* **About this task**
After finding the line with "China Raincoat ;" in the data below, set down exactly each line through the one with "Nahdi Kuzhi Mandhi Perinthalmanna Malappuram", inclusive, and stop there.

* **Data shown**
________________

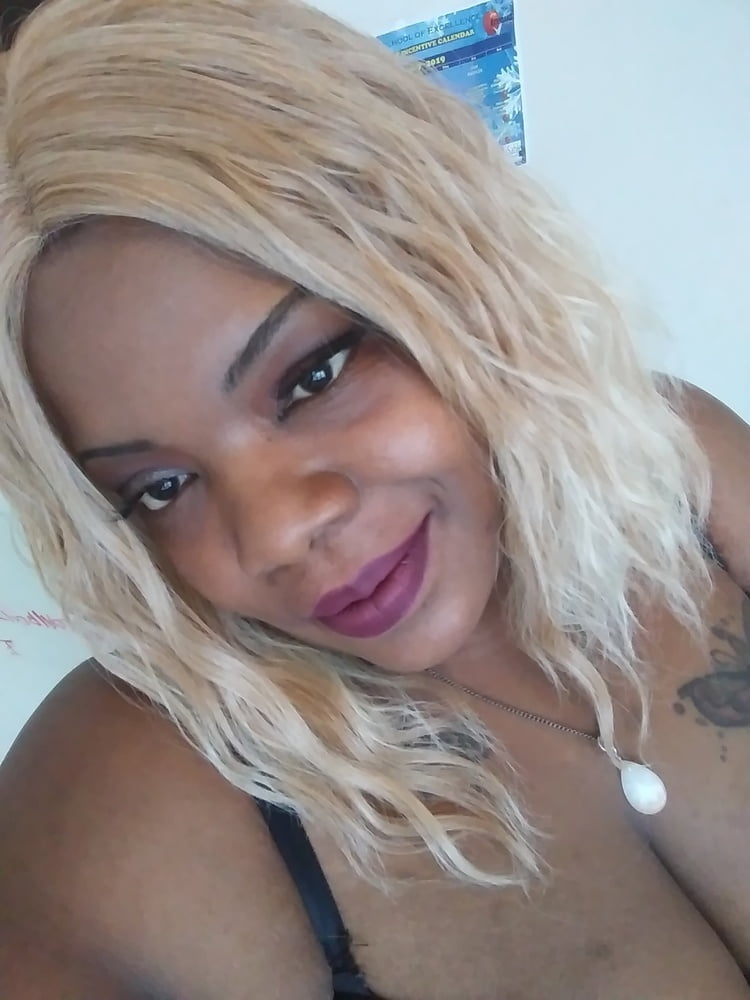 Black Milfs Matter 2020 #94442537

________________

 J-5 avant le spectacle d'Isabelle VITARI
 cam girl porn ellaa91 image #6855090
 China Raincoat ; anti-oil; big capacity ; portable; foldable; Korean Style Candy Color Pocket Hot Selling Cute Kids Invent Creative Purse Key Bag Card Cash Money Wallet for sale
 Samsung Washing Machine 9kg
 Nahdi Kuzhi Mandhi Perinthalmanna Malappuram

________________

* **Written response**
 China Raincoat ; anti-oil; big capacity ; portable; foldable; Korean Style Candy Color Pocket Hot Selling Cute Kids Invent Creative Purse Key Bag Card Cash Money Wallet for sale
 Samsung Washing Machine 9kg
 Nahdi Kuzhi Mandhi Perinthalmanna Malappuram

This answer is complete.